Gérard Cornilleau est directeur adjoint du département des études de l'OFCE, l'Observatoire français des conjonctures économiques.

Que se serait-il passé si aucune mesure n'avait été prise ?

Maintenir inchangés le ratio entre la pension moyenne et le salaire moyen sans changer les conditions de départ à la retraite reviendrait à faire passer les prestations retraites de 12,6 à 18,5% du PIB en 2040. En sens inverse, stabiliser la part des retraites dans le PIB nécessiterait soit une baisse de 40% du pouvoir d'achat relatif des retraités, soit un recul d'environ 9 ans de l'âge moyen de cessation d'activité. Mais il n'y avait pas pour autant d'urgence absolue. Malgré le ralentissement économique, on ne constate pas, pour l'heure, de tension très grande sur les régimes. Et il n'y en aura pas avant à peu près cinq ans. La seule mesure qui pouvait présenter un certain caractère d'urgence, c'est l'allongement de la durée d'activité dans le public, pour qu'elle puisse s'appliquer progressivement.

Les calculs ont été réalisés sur la base d'une nette amélioration sur le front du chômage. Ce paramètre vous paraît-il assuré ?

Jusqu'à un certain point, oui. On ne considère pas que le niveau du chômage puisse rester extrêmement élevé dans une conjoncture où la démographie devrait quand même ralentir la progression de la population active. Même si le contexte international a quelque peu modifié la donne depuis un ou deux ans, on n'est tout de même jamais revenu à la situation antérieure à la reprise constatée à la fin des années 90. Il ne s'agit que de mouvements conjoncturels qui n'affecteront que peu une tendance nettement dessinée. La situation macro-économique n'est pas telle qu'il faille imaginer le retour d'une croissance lente pendant plusieurs années.

L'un des points clés sera cependant l'emploi des seniors. Plus qu'une évolution économique, cela n'implique-t-il pas un changement profond des mentalités ?

Si, mais là encore, il faut nuancer. Si les départs se sont faits de plus en plus précoces, si les seniors ont été remplacés par des jeunes, c'est d'abord parce que la situation du travail était très dégradée. Dans une conjoncture différente, et avec une baisse du chômage importante, les comportements se modifieront spontanément.

L'allongement de la durée de cotisation vous paraît-elle logique ?

Dans le principe, oui. L'objectif est plus de retarder l'âge moyen du départ à la retraite que d'allonger la durée d'activité. On aurait donc pu jouer directement sur ce paramètre et faire passer à 61 ou 62 ans l'âge requis pour liquider sa retraite. Cela aurait néanmoins été moins juste que l'allongement de la durée de cotisation, qui permet à ceux qui ont commencé à travailler très tôt de partir à un âge plus précoce.

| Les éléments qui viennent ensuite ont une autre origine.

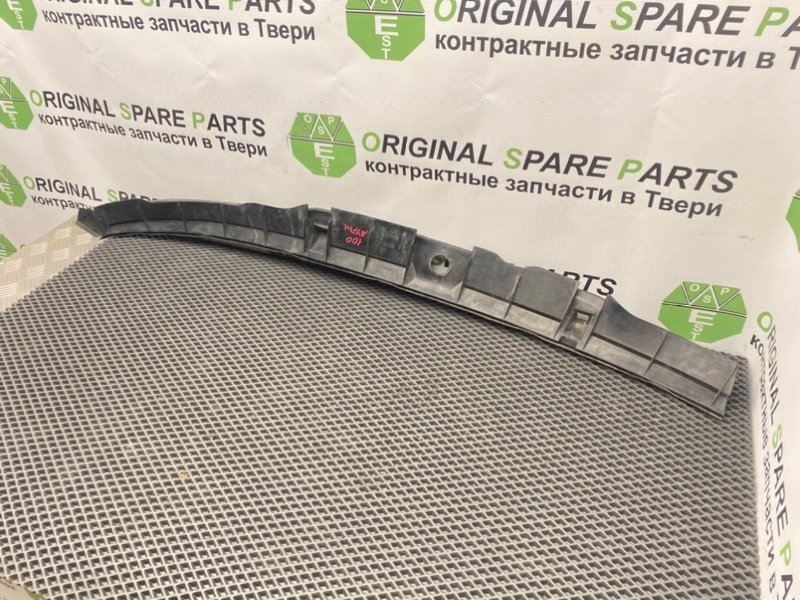 Жабо, 900 рублей, Тверь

Que pensez-vous de la possibilité de valider trois années d'études universitaires ?

Les modalités de cette validation sont encore assez floues. D'autre part, si aucun financement complémentaire n'intervient de la part de l'Etat ou de l'employeur, le rachat de ces trois années risque de ne pas constituer un investissement très intéressant. A la limite, les gens qui sont dans cette situation auraient sans doute intérêt à investir dans un produit d'épargne qui se révèlera plus rentable.

Pensez-vous que l'on pourra éviter, à terme, une hausse des cotisations plus importante que celle qui est prévue pour l'instant ?

Il est toujours délicat d'effectuer des calculs financiers à 40 ans. Aujourd'hui, les régimes sont équilibrés. Les besoins de financement vont apparaître à partir de 2008 et croître progressivement. Sauf crise financière extrêmement grave, il n'y aura en effet pas de rupture brutale. En tenant un raisonnement un peu global, on constate que si l'on réussit à faire passer l'âge moyen du départ à la retraite de 57,5 ans à 62 ou 62,5 ans en 2040, les besoins de financement seront à peu près satisfaits, avec toutefois des taux de remplacement un peu en baisse. Mais tant d'inconnues sont à prendre en considération qu'il ne sert pas à grand chose de faire des calculs plus fins à un horizon aussi lointain.